…
08 Mart 2021, Pazartesi Ankara, Türkiye

Cumhurbaşkanı Erdoğan, Eşi Emine Erdoğan ve Bakan Selçuk, Sağlık Çalışanı ve Sosyal Hizmet Uzmanı Kadınlarla Bir Araya Geldi


Cumhurbaşkanı Recep Tayyip Erdoğan'ın eşi Emine Erdoğan, tüm dünyada görülen ‘şiddet salgınını’ ortadan kaldırmak için, iş birliğini artırmak gerektiğini belirterek, şiddete karşı, tek yürek ve tek akıl olmadan bu işin çözülemeyeceğini bildirdi.

Cumhurbaşkanı Erdoğan, Emine Erdoğan ile Aile, Çalışma ve Sosyal Hizmetle Bakanı Zehra Zümrüt Selçuk, 8 Mart Dünya Kadınlar Günü dolayısıyla Cumhurbaşkanlığı Külliyesi'nde sağlık çalışanı ve sosyal hizmet uzmanı kadınlarla akşam yemeğinde bir araya geldi.

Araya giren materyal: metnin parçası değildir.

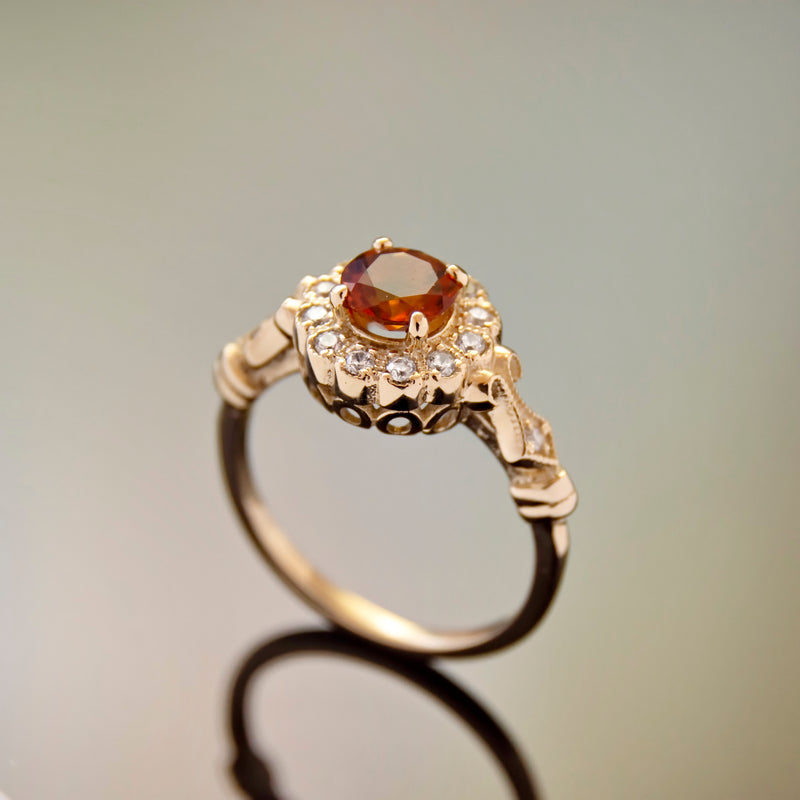 RG1816-1 Vintage Gold Flower Ring with Citrine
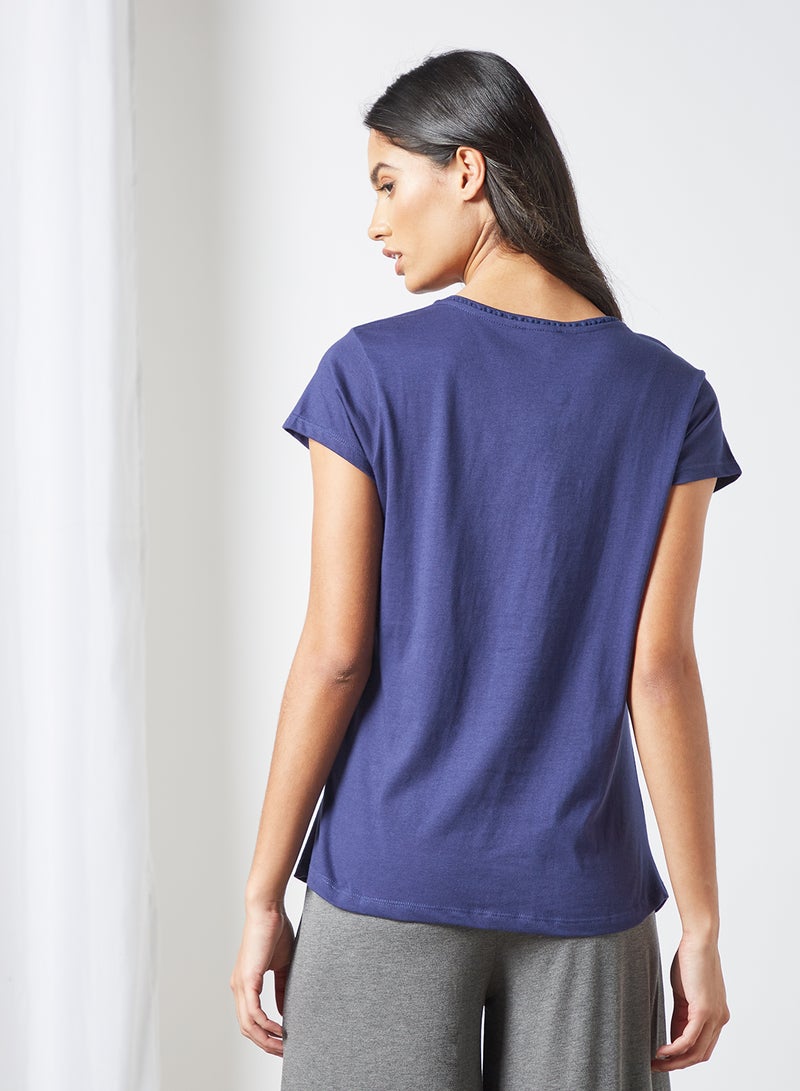zivame - Slogan Print Pyjama Top Navy - Image 1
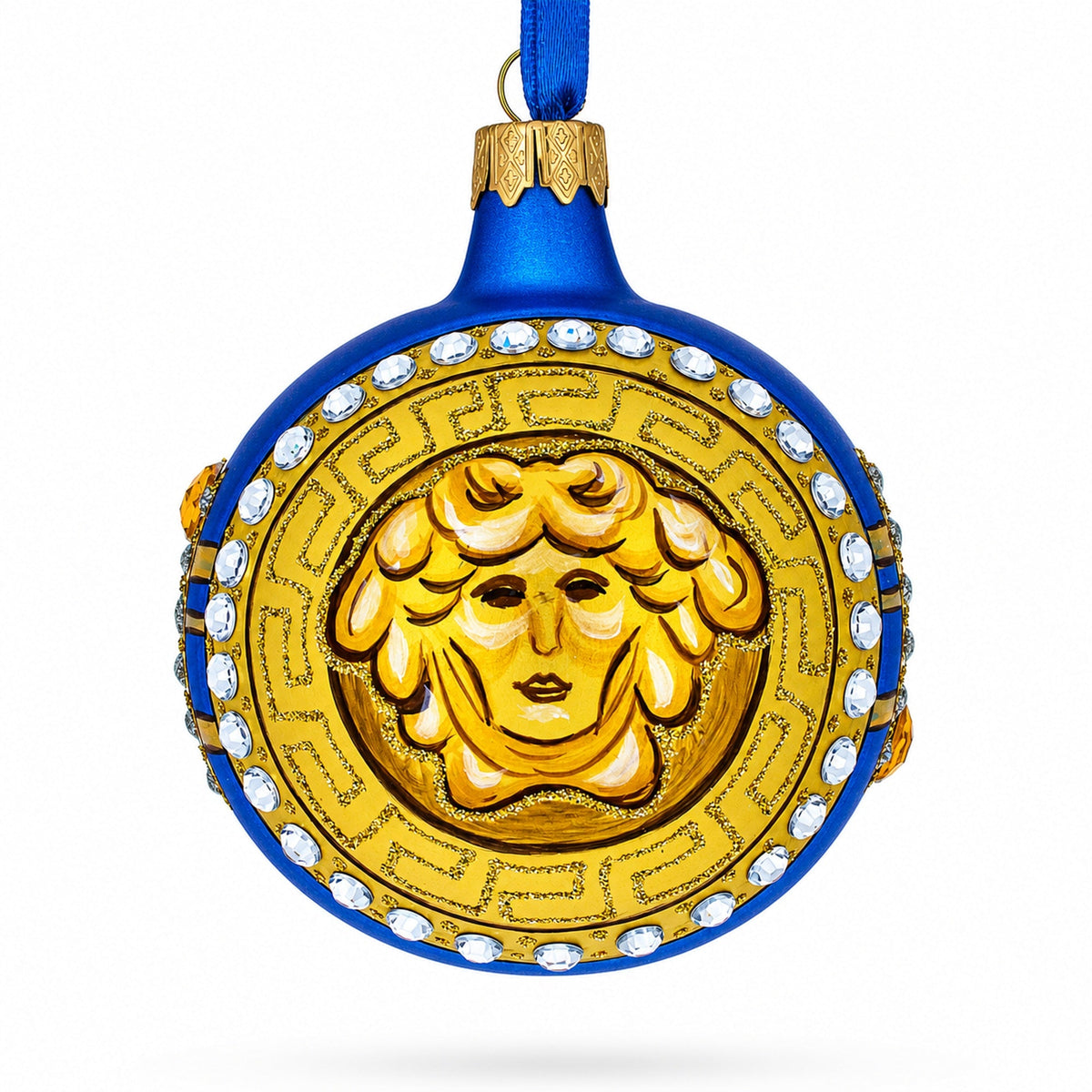 Italian Designer Medusa Medallion Glass Ball Christmas Ornament 3.25 Inches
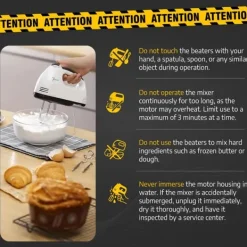 OBOSOE elektrisk mixer / elektrisk håndmixer – 7 hastigheder med 6 tilbehør i rustfrit stål, piskeris til bagning, kager, fløde Clearance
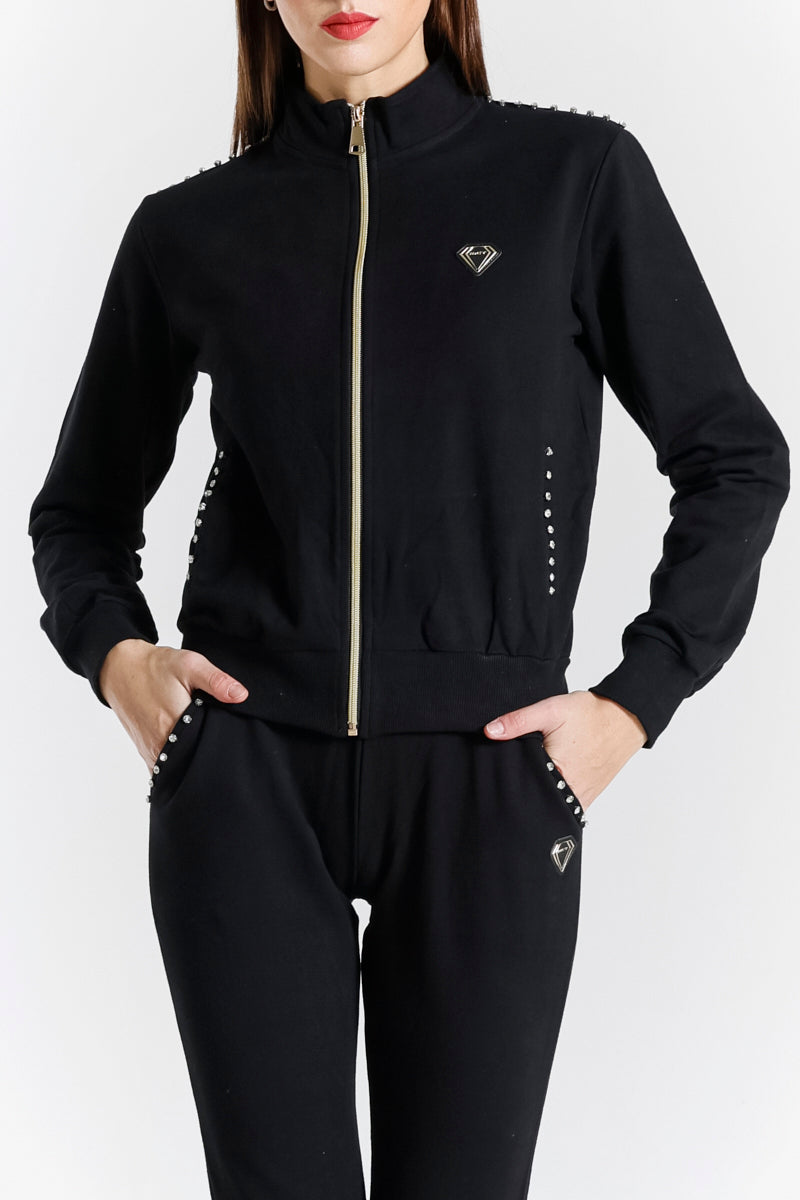 Completo in Felpa con Zip e Borchie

Emine Erdoğan, yaptığı konuşmada 8 Mart Dünya Kadınlar Günü münasebetiyle, milletin evinde sağlık çalışanı ve sosyal hizmet uzmanını misafir etmekten büyük bahtiyarlık duyduğunu söyledi.

Helikopter kazasında şehit olan askerlere rahmet dileyen Emine Erdoğan, "Hepimizin başı sağ olsun. Şimdi nice annenin, eşin ve evladın gönlü yaralı. O, öyle bir yara ki hiç iyileşmeyecek. Rabbim her birine sabırlar ihsan etsin. Terörle mücadele eden kahraman evlatlarımızı yetiştiren analar, başımızın tacıdır." diye konuştu. Evlatlarını terörün kıskacından kurtaran Diyarbakır annelerini de anan Emine Erdoğan, "Benim de ziyaret ettiğim o annelerin çilesinin en kısa zamanda bitmesini diliyorum." dedi.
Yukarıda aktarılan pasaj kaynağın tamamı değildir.